Francesca Mannocchi: «L’ultima volta che ho avuto davvero paura è stato quando un missile è caduto a dieci metri da me. La malattia mi ha fatto rabbia, poi mi ha insegnato a non perdere tempo»

Per la valutazione del rischio si affida a ciò che le raccontano i militari sul campo oppure la sua esperienza di anni le ha sviluppato una sorta di sesto senso?

«Io preferisco avere un’immagine in meno piuttosto che una gamba in meno. È chiaro che nel tempo si matura un certo istinto, un buon senso, ma il mio riferimento principale restano le persone con cui lavoro: il traduttore, il fixer, l’autista. Se mi dicono che oltre un certo checkpoint non andrebbero, per me quello è legge. Non mi impunto, perché loro conoscono quel luogo meglio di chiunque altro e, come me, hanno tutto il desiderio di tornare a casa la sera. Poi certo, ci sono anche i consigli dei militari, ma la bussola vera sono le persone che vivono lì, perché quel paese è il loro. Se mi dicono: «oltre quella linea non si va», anche solo sulla base di una voce o di una segnalazione, io non discuto».

A suo figlio parla del suo lavoro?

«Pietro, che ha dieci anni, è la mia salvezza dal dolore con cui convivo ogni giorno. Però, per esempio, abbiamo mia sorella che è molto più giovane di me, vive ad Amman e lavora come operatrice umanitaria per una ONG internazionale. È venuta in Italia poche settimane fa e un giorno Pietro mi ha detto, parlando del mio lavoro: «Perché tu aiuti le persone?». E io gli ho risposto: «No, mamma non aiuta le persone, mamma le racconta». Mia sorella aiuta invece le persone, perché fa un lavoro concreto: porta cibo a chi ha bisogno, acqua a chi non ce l’ha, cose materiali, immediate. Il lavoro che faccio io è bellissimo, ma può anche essere un lavoro attraversato da un senso di impotenza. E credo che questo sia il punto: bisogna essere molto chiari, sempre, con le persone che incontriamo. Noi non possiamo “salvare” chi raccontiamo. Possiamo raccontarli, ma non possiamo aiutarli».

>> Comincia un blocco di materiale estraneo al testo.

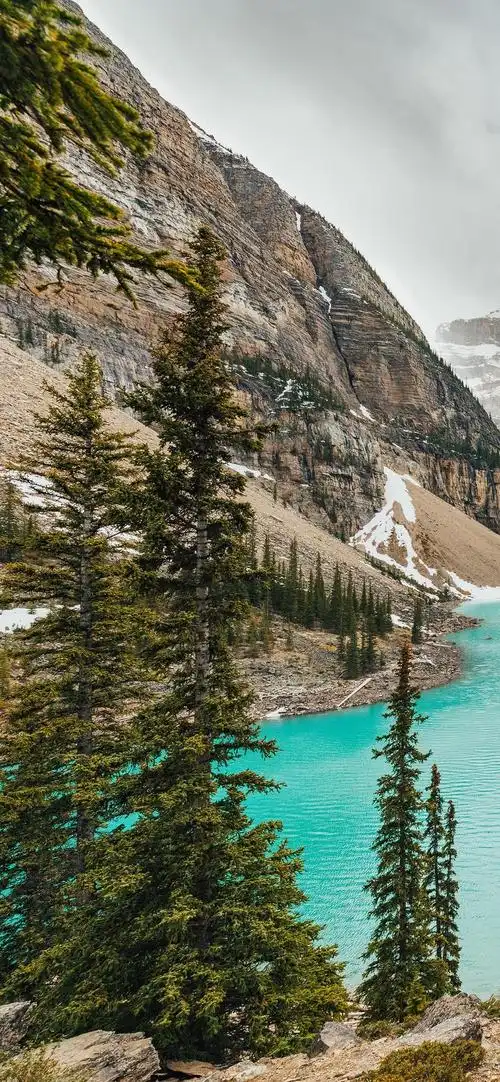 美丽大自然风景8k超清蓝光手机竖屏壁纸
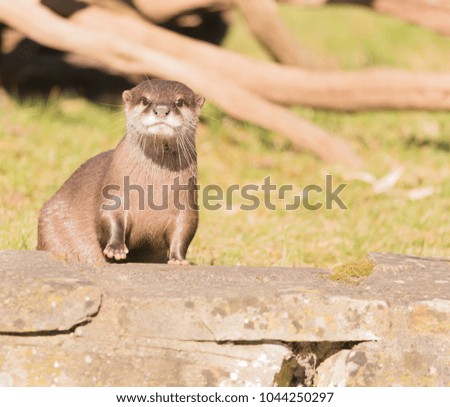 Otter looking over the wall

Da dove è nata l’idea di raccontare in versi la guerra, nel suo ultimo libro Crescere, la guerra?
«Da una spudoratezza della mezza età. No, scherzo: la poesia è sempre con me, da quando sono bambina, è proprio il mio codice. Quando parto per qualsiasi viaggio, che sia di piacere o di lavoro, parto sempre con qualche libro di poesia. Ho deciso di scrivere questo lungo poema, chiamiamolo così, perché erano rimaste tante cose fuori dai racconti giornalistici, ovviamente dai racconti televisivi, erano mie valutazioni, le cose rimaste sui miei diari, e poi perché in virtù della risposta alla domanda di cosa ci salverà, l’idea di una prossimità fisica con il pubblico, di un’esperienza di alcuni video, di alcuni audio, di alcuni racconti che porto in forma di monologo, era un’esperienza che volevo fare io. La condivisione di uno spazio buio con i lettori, con gli spettatori, per vedere l’effetto che fa».